In December 2004, despite claims that KPMG had overreacted by jettisoning all legal services late last year in the wake of the US-led clampdown on conflicts of interest in accounting firms, the restrictions imposed saw several partners defect from other MDPs to private law firms.
KPMG Legal drew its last breath in March that year, with Middletons claiming most of the practice. PwC Legal said KPMG’s decision to cease providing legal services was overkill, but eventually found it had to cut several staff, while others walked of their own accord.
The same month that marked KPMG Legal’s demise saw six partners and 40 staff move from PwC Legal’s insurance and workers compensation practice to Hunt & Hunt. Philip Purcell, formerly of PwC Legal, said “[the environment] had restricted PwC Legal’s ability to provide legal services to PwC audit clients, particularly in the insurance sector”.
In February, PwC had rejected claims that its sale of 20 per cent of its legal arm to Hunt & Hunt and the move of two partners, one special counsel, four senior associates and three other lawyers to Maddocks was a reaction to audit-independence concerns.
Quick to disperse any suggestion that, like KPMG’s KLegal (which was disbanded in 2004), PwC Legal would be forced to close it doors, PwC tax and legal chief Paul Koenig told Lawyers Weekly that “we are not exiting the legal market, we are now embarking on a growth path in our business”.

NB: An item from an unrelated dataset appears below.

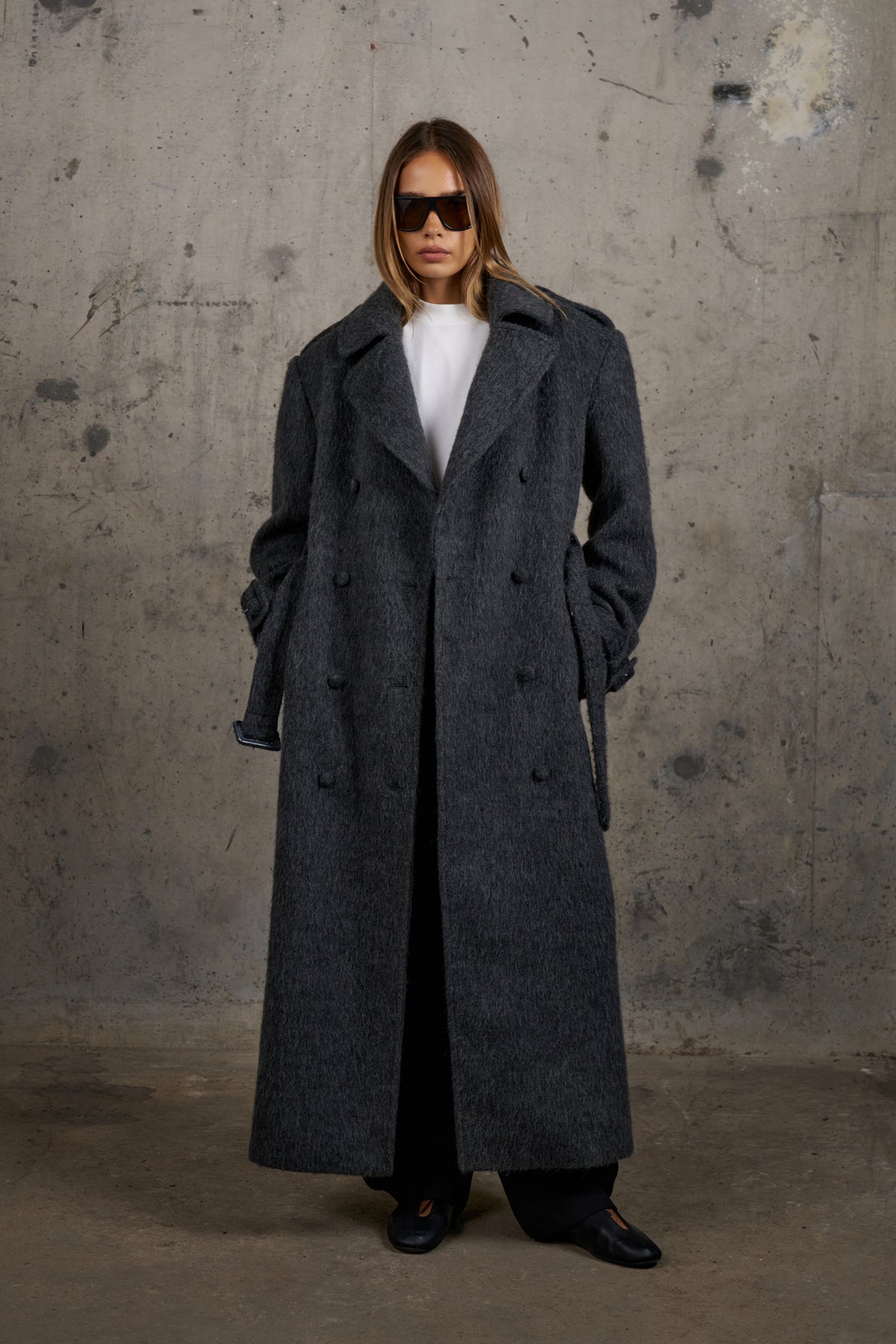 BRUSHED WOOL OVERSIZED MAXI COAT - CHARCOAL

PwC Legal CEO Kevin O’Rourke spoke to Lawyers Weekly in December 2006 on how PwC Legal avoided the audit-independence problems that the legal arms of other top-four accounting firms could not.
“There are services that we cannot provide if we are the auditor of a client,” he said. But he argued that as they were not the auditor of a client — as PwC in the broader sense does not audit a particular client — then the firm could offer a full range of legal services.
“The size of the market that is closed to us is relatively small in the scheme of things. In the same way that there are restrictions on lawyers providing services, there are restrictions on tax services that can be provided. Every one of the major accounting firms still provides tax services,” he said. But he rejected suggestions that this was at all limiting.
“There are enough clients out there, in effect. A portion of the market is closed to us, but for a substantial portion of the market that is open to us, we have the full force of the broader PwC to bring to the client, which is very attractive. We didn’t find that we gained a lot from the closure of the other legal arms of accounting firms. We gained some but not as much as you would think. I think as practitioners moved out of, say, KPMG and went across to Deacons, a lot of those client bases simply transferred with the partners,” he said.